From Booklist
It's been 18 years since Crosby and Gottlieb's first tome on the former's lurid rock-star life,
Long Time Gone (1988), and the Croz hasn't stopped making news. He survived an earthquake and near-death experiences involving a motorcycle, hepatic failure, and arterial disease. He has done exemplary service as a major, major substance abuser who cleaned up; returned to recording and performing with Nash, Stills, and sometimes even Young; been arrested in New York City for possessing a gun and some weed; endured the recovered drug-abuser community's tut-tutting over his "fall" after 16 years' sobriety; and become a celebrity political activist. Less known but well reported here, Crosby lost all his money (his manager-accountant had an investing jones that he slaked with his clients' cash) just as the earthquake hit and a liver transplant loomed. He met a son given up for adoption as an infant in 1961--and formed a new band with him--and then a daughter from another relationship. He and his fellow ex-abuser wife, Jan, finally succeeded in having a child, now 11. His estranged and hermetic older brother died a suicide. He joined a fight (still not over) against a land deal that would put a casino in his backyard. All that, and personal assessments of the popular music biz (interesting) and the political situation (standard so-called lefty ranting, not well informed), with the whole shebang presented in movielike achronology and bolstered by plenty of Crosby acquaintances' interpolated testimonies, makes for a packed but absorbing book.
Ray OlsonCopyright © American Library Association. All rights reserved
Product Description
David Crosby, the outspoken founding member of CSNY and The Byrds, turns his wry and unstinting eye to a fascinating, prickly subject: himself.

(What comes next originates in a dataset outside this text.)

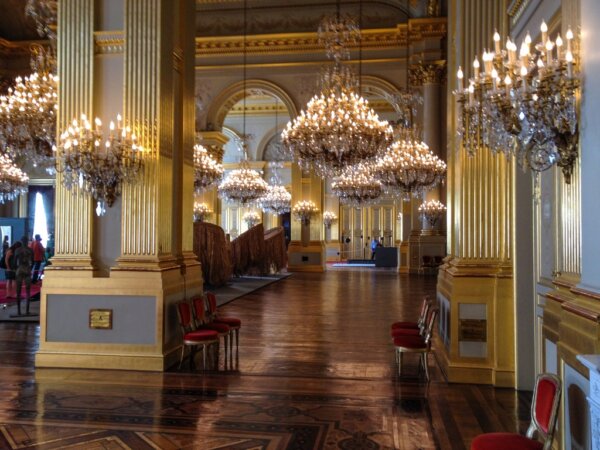 Castillo de Laeken 3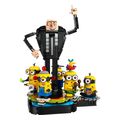 lego minions 75582 gru and minions extra photo 1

Known to millions as the trickster poster boy for folkrock utopia and the inspiration for Dennis Hopper's wild-eyed antihero in the film
Easy Rider, David Crosby is every bit the quintessential American icon of the counterculture today that he was in the sixties and seventies. Legendary, controversial, beloved, he is never far from the headlines, as the upcoming (Summer 2006) 50-city reunion tour of Crosby, Stills, Nash & Young will demonstrate once again.
Since Then is both a self-skewering look at the twists and turns of an impossibly rich life, and Crosby's confident declaration that it's far too soon for him to don the robe and slippers of Generational Elder. As a two-time inductee into the Rock and Roll Hall of Fame, he has an unparalleled legacy as a singer, songwriter, and musician-and few would object if he were to rest on his laurels. Yet despite Crosby's history of extravagant excess, he's never forgotten his great good fortune, and has never stopped using his enormous gifts in service of both his art and social causes to which he is committed.
This memoir shows the contradictory aspects to a personality whose truth-to-power outspokenness, exuberance, and creativity have made him a great and inspirational artist, yet whose struggles with private demons have resulted in arrests, chronic health issues, and ruined friendships. It discusses frankly the people and events that have drastically altered his definition of "family": raising ten-year-old son Django, with lover/wife/partner, Jan; reuniting with his adult son, musician James Raymond, while Crosby waited in the hospital for a life-saving liver transplant; becoming sperm donor to Melissa Etheridge and Julie Cypher. Above all, it illuminates how, despite a staggering series of personal setbacks-including hepatitis C, liver failure, diabetes, heart attacks, and a crippling motorcycle accident-the music, and the people he loves, keep him young at heart.